Hi
Im doing a technical animation where i need object A to accelerate by a certain percentage of object B’s speed
so i need to calculate object B’s speed B_sp ( for the y-axis ) each time a frame has passed and then move objA like 0.5*B_sp
Im having difficulties finding the “event” that allows me to continually calculate the speed throughout the timeline.
how do i extract position values at every 2nd frame to calculate the speed, i thinks thats my mainproblem.
br
Kedde
You can get an object’s velocity at a time t by:
(at time t obj.pos) - (at time (t-1) obj.pos)
“at time” is the MXS context you use to get an object’s property at a specific time.
Thats the vector of movement, i.e its direction not its velocity. For velocity = the derivative distance/time is needed.
velocity =#()
dist= 0
for f = 1 to 100 do
(
slidertime = f
t1 = at time slidertime obj.pos
t2 = at time (slidertime – 1) obj.pos
dist += distance t1 t2
append velocity (dist/slidertime)
)
you now have slices of velocities at different time i.e the function of the derivative: f(dv/dt)
Now maths tends to make my brain catch fire so bear with me, but I’m a little confused…
From my poor memories of physics, d3coy’s method does produce the velocity – the speed & direction… And eek’s method is exactly the same but storing the value of each frame into an array…
Have I missed something?
Warning : I am quite retarded
What james did retrieved the vector not the velocity. Velocity is a float value representing the distance from one vector to another. What james calcualted was the non normalized direction vector. Eek has the right formula.

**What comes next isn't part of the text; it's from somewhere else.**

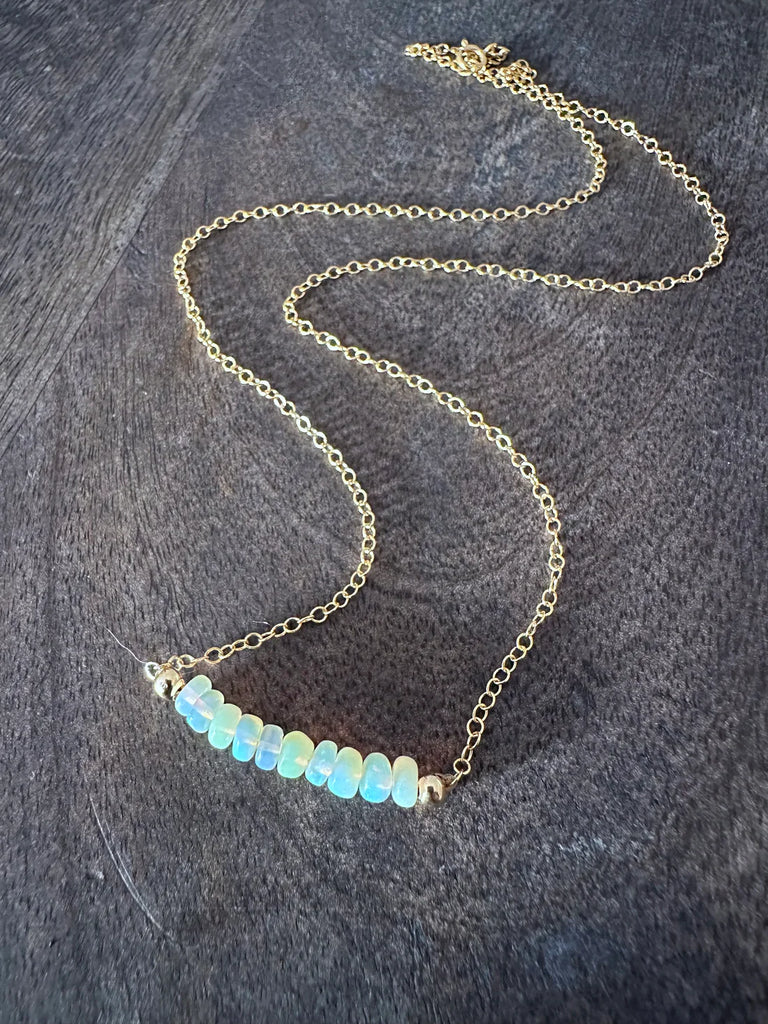 Ethiopian Opal Bar 19" Gold Filled Necklace by Tide & Tied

I think I understand. I was moving an object along only one axis & looking at the values spat back…
As I said, maths is not my strong point!
Thanks Paul
Thx alot – havent had time to test out your suggestions – but Im quite sure they will help me do the job.
br
Kedde
Ahhh I dunno guys. In 3-space, velocity is a vector quantity, just as acceleration is also a vector. Velocity is both a speed and a direction – the speed is the vector length.
Subtracting a position at time t-1 from a position at time t gives the rate of change from t-1 to t. Velocity is dp/dt, or position over time – not dv/dt (velocity over time), which is acceleration. The derivitive of a position function at time t is the velocity at time t, and the derivitive is calculated by change in position/change in time. In the case I used, the position changed by the amount from t-1 to t, and the time step was 1.
Velocity is calculated implicitly like this all the time in dynamical systems that use Verlet Integration.
http://www.mansfieldct.org/schools/mms/staff/hand/lawsavevelocity2003.htm
http://library.thinkquest.org/C0110840/velocity.htm
http://www.kktechnology.com/help/x1080.html
http://en.wikipedia.org/wiki/Acceleration
http://en.wikipedia.org/wiki/Vector_%28spatial%29
Subtracting t-1 from t just gives a vector or direction about the origin, and not the derivative of the function over time. Acceleration is the function of velocity over time. Dont think of velocity as a vector, think of it as direction with a magnitude. Simply put, velocity is displacement per unit of time.
But a vector is a direction and a magnitude, is it not? From Wikipedia:
In physics, velocity is defined as the rate of change of position. It is a vector physical quantity, both speed and direction are required to define it.
http://en.wikipedia.org/wiki/Velocity
Of course subtracting two positions yields a vector situated at the origin, but I think this is exactly what we want. To integrate velocity, you add the change in acceleration multiplied by your time step, or: Velocity = v + dat. Likewise position is integrated by: Position = p + dvt. In our case, the change in position from t-1 to t represents exactly one integration of position. In other words, the only possible way to get from t-1 to t is to add the velocity vector to t-1, since this represents exactly one integration step.
Velocity = v + da*t
Isnt this speed?
This is what the f(d/t) essentially is – i think your just extrapolating parts of the same function. were both looking at the same answer just from different angles.
I think so too, haha. Thanks for going back and forth with me on this, eek.
I was always under the impression that speed is velocity? I just don’t know how to translate the term “speed” into a framework of physics.
Just so I don’t hijack this thread, I think that for the original poster’s problem, taking the vector between two positions is a good approximation. The vector between two positions is also a secant line between those positions, and calculus tells us that a secant line’s slope between two positions on a function represents the average rate of change between those two points. So the answer I supplied returns this value. Yours describes the rates of change at many different intervals. If you wanted an even closer approximation of velocity at a time t, you’d use floats in your at time context, giving you an even more accurate rate of change between these two positions, but you’d never get there since there are infinite gradations between two points.
So of course we want the derivative at time t on the position function, which is the instantaneous velocity at that time, and is also a tangential vector to the position function. My problem is that I have no idea how to find the derivative of the position function in 3ds Max! The standard way to get derivatives is with the difference quotient: f’(x) = (f(x + h) – f(x))/h
This is all well and good for two dimensional functions, but I just can’t wrap my head around extending this to the problem at hand.